**ASSIGNED TASK:** Search the records for the word "Black" and copy every line in which it occurs.

(Beginning of EXTRACTED INFORMATION)

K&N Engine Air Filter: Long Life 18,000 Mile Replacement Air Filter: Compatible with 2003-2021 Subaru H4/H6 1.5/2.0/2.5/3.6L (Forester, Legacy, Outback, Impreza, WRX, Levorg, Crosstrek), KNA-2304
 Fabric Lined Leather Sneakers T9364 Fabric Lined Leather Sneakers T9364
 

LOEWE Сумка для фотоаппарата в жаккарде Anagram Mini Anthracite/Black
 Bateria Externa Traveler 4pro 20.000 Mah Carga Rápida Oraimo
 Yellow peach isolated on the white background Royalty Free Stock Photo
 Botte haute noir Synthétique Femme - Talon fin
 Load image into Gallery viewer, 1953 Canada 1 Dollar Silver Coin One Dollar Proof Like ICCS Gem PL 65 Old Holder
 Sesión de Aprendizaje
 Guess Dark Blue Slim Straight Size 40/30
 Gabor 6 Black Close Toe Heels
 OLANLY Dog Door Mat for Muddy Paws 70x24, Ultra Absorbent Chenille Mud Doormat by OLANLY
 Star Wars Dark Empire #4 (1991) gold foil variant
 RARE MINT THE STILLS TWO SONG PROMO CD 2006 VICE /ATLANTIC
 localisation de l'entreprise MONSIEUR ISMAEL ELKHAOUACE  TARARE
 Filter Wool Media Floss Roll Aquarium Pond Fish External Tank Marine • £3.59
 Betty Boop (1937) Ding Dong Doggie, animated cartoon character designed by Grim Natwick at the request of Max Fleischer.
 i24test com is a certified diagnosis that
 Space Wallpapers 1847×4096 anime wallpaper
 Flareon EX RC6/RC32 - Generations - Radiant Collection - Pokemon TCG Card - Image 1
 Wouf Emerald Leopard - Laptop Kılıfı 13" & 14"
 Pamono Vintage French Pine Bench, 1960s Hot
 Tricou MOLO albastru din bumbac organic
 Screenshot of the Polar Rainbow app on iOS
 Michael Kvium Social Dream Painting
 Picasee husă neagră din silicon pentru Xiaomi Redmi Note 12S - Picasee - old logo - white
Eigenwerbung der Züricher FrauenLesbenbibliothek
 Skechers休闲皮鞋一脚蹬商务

(End of EXTRACTED INFORMATION)

**OUTPUT OF THE TASK:**
LOEWE Сумка для фотоаппарата в жаккарде Anagram Mini Anthracite/Black
 Gabor 6 Black Close Toe Heels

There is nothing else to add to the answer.